Location: Maputo, Mozambique
As a result of low-income levels, there is a strong reuse culture in Mozambique even though it is considered as a delay in the recycling chain. Maputo, Mozambique is the major location for waste production and closest to the South African recycling markets hence has a large concentration of recycling actors wherein a total of a hundred and twenty (120) tons per month are recycled.

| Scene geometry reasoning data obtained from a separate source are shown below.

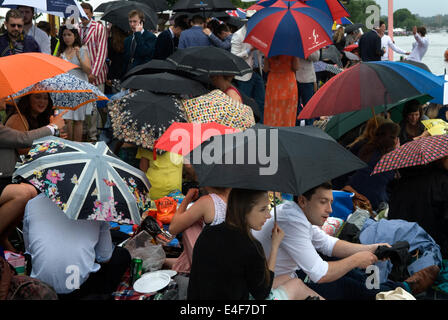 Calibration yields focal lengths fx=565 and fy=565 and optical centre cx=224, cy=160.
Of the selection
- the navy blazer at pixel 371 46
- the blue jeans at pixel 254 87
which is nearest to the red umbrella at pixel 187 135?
the blue jeans at pixel 254 87

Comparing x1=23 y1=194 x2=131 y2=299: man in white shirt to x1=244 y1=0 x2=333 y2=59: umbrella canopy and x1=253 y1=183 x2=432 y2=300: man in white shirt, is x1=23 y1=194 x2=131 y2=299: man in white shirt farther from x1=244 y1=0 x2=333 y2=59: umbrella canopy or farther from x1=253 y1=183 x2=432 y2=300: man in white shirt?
x1=244 y1=0 x2=333 y2=59: umbrella canopy

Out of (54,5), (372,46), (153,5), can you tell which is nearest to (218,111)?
(54,5)

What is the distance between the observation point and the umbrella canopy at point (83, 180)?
3.38m

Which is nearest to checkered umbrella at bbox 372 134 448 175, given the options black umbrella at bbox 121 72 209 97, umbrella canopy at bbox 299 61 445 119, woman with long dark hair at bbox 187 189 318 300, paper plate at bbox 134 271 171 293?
umbrella canopy at bbox 299 61 445 119

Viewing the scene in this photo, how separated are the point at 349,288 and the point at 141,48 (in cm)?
542

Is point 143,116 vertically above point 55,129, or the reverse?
point 55,129

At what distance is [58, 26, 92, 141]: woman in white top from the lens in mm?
7820

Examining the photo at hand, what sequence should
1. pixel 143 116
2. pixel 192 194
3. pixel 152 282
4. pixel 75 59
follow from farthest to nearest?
pixel 75 59 < pixel 143 116 < pixel 192 194 < pixel 152 282

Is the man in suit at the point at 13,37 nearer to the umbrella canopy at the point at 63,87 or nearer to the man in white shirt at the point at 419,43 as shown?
the umbrella canopy at the point at 63,87

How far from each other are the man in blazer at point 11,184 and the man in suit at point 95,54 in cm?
330

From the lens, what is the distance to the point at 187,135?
14.1 ft

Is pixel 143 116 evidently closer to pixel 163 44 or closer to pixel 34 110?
pixel 34 110

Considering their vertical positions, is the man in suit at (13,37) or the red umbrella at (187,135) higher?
the man in suit at (13,37) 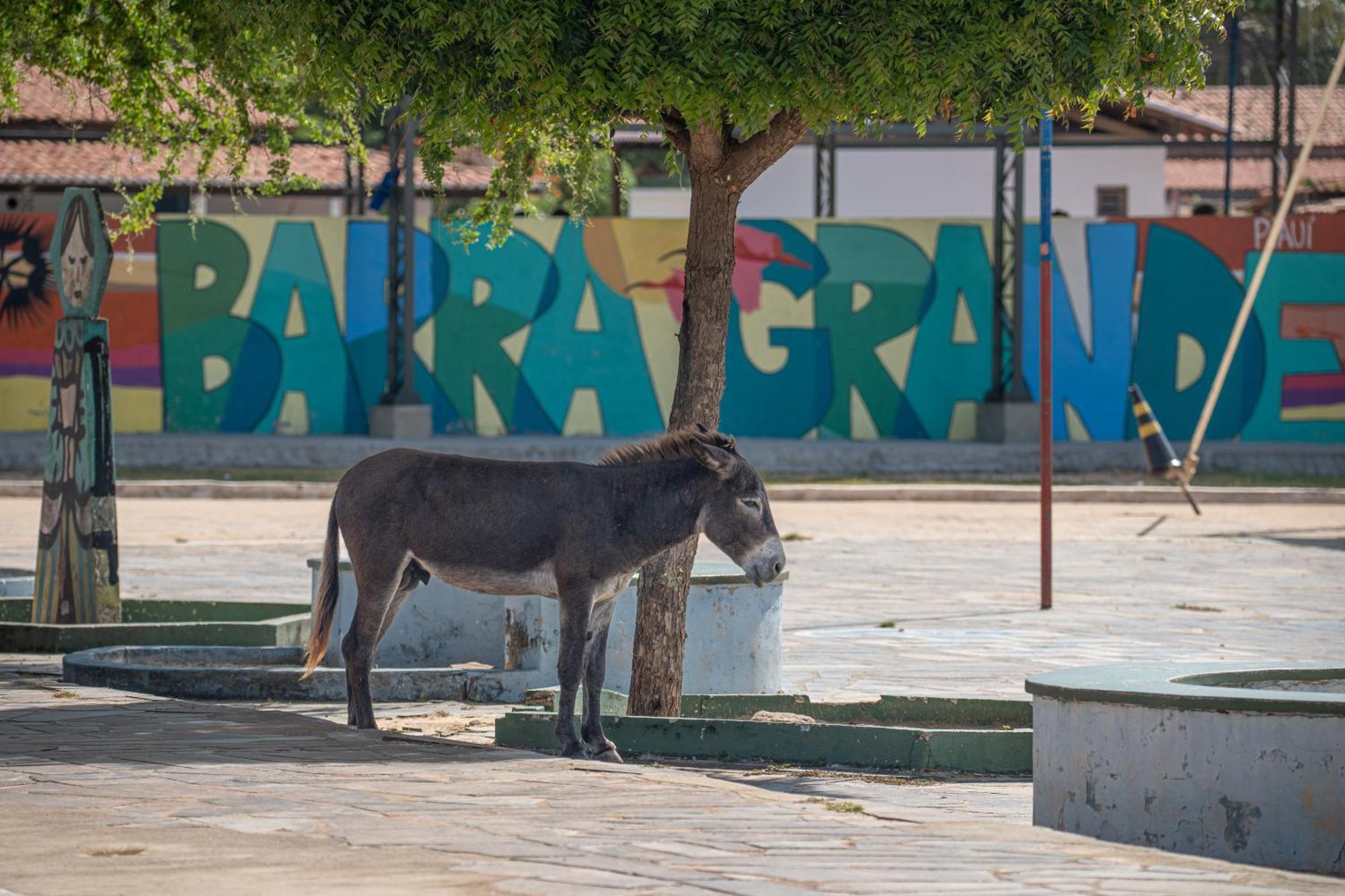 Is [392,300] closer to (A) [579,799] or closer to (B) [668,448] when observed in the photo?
(B) [668,448]

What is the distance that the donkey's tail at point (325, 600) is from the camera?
853 cm

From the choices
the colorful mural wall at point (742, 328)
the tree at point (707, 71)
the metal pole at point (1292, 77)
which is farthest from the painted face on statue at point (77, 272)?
the metal pole at point (1292, 77)

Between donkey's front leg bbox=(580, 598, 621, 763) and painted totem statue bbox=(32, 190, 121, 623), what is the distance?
185 inches

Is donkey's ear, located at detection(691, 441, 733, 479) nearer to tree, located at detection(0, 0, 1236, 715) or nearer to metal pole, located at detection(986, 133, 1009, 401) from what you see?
tree, located at detection(0, 0, 1236, 715)

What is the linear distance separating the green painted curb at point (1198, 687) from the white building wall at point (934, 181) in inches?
1576

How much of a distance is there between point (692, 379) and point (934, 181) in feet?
128

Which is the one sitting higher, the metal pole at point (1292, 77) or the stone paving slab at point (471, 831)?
the metal pole at point (1292, 77)

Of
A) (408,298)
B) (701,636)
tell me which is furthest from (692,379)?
(408,298)

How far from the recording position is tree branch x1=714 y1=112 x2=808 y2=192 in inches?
356

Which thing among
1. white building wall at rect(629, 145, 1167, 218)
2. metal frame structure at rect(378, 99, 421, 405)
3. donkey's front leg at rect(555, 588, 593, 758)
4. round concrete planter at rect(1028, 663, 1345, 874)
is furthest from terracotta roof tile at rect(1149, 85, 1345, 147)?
round concrete planter at rect(1028, 663, 1345, 874)

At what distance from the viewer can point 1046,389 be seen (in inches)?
527

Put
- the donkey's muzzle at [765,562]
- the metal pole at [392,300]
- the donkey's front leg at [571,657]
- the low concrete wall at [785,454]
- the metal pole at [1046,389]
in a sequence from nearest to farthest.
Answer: the donkey's front leg at [571,657], the donkey's muzzle at [765,562], the metal pole at [1046,389], the low concrete wall at [785,454], the metal pole at [392,300]

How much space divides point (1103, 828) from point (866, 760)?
180 cm

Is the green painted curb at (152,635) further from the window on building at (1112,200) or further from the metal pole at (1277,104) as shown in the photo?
the window on building at (1112,200) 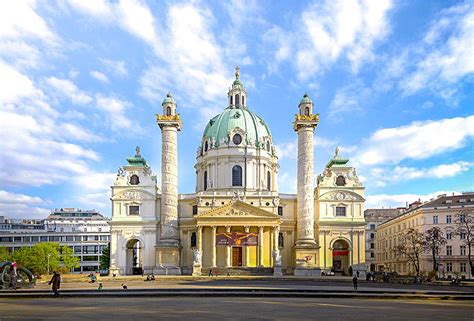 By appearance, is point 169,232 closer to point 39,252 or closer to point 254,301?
point 39,252

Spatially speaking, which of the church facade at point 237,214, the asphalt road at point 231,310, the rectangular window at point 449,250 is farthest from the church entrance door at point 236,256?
the asphalt road at point 231,310

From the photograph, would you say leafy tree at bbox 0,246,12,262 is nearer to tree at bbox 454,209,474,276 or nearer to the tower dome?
the tower dome

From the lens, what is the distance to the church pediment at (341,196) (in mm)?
80062

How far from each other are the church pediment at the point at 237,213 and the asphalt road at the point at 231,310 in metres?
47.5

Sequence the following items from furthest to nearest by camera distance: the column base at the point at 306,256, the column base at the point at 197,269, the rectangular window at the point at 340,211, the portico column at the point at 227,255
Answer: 1. the rectangular window at the point at 340,211
2. the portico column at the point at 227,255
3. the column base at the point at 306,256
4. the column base at the point at 197,269

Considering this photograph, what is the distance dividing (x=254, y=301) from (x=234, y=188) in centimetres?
5706

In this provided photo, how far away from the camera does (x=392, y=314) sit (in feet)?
68.4

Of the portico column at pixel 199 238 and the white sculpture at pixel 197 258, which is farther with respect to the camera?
the portico column at pixel 199 238

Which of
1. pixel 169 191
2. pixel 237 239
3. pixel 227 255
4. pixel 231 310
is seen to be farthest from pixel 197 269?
pixel 231 310

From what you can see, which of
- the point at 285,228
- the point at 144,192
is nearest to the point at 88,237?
the point at 144,192

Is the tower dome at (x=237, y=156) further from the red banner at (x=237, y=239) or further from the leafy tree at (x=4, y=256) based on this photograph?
the leafy tree at (x=4, y=256)

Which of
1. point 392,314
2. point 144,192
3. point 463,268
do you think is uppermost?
point 144,192

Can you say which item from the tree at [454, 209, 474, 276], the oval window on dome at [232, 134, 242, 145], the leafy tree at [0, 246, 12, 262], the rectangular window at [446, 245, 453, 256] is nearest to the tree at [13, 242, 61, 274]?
the leafy tree at [0, 246, 12, 262]

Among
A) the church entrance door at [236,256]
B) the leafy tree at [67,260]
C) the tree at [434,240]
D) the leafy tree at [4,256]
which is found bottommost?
the leafy tree at [67,260] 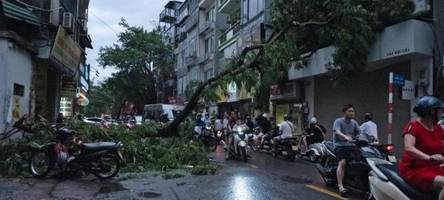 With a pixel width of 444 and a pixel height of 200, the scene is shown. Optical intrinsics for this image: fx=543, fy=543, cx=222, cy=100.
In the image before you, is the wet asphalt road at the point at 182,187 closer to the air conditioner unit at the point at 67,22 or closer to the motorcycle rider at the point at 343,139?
the motorcycle rider at the point at 343,139

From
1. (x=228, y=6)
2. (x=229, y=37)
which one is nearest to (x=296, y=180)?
(x=229, y=37)

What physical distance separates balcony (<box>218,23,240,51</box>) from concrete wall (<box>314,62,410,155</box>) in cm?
1250

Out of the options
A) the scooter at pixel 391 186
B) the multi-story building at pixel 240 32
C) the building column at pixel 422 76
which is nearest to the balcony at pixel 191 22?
the multi-story building at pixel 240 32

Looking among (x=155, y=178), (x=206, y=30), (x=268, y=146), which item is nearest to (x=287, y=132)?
(x=268, y=146)

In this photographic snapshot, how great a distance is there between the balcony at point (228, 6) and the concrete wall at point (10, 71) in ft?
76.0

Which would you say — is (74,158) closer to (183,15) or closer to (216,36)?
(216,36)

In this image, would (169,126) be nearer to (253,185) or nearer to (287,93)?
(253,185)

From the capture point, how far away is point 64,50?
21.8m

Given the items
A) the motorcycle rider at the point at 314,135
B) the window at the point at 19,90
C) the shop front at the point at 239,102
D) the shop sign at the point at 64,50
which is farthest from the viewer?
the shop front at the point at 239,102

The objective of the recycling actors organising themselves was to create an opportunity to enter dialogues with the municipality and other bodies, especially on issues that affect opportunities for reclaiming materials considering that municipal plans and policies especially municipal by-laws and Master Plan for Solid Waste Management encourages partnerships and in the establishment of a sustainable local market for recyclables where they can negotiate prices and other conditions.
Majority of the organised recycling actors some of which are but not limited to are; LVIA (Lay Volunteers International Association), AMOR (Associaçāo Moçambicana de Reciclagem), RECICLA, FERTILIZA and ALMA (Associação de Limpeza e Meio- Ambiente). These various organisations are forged either as a community association, non-profit organisation, non- governmental organisation or an international cooperation set up to meet various objectives such as;
Due to various organisational structures, funding for these organisations vary but is typically obtained from International donors, private sector partners, local institutions, foundations and the Mozambican government.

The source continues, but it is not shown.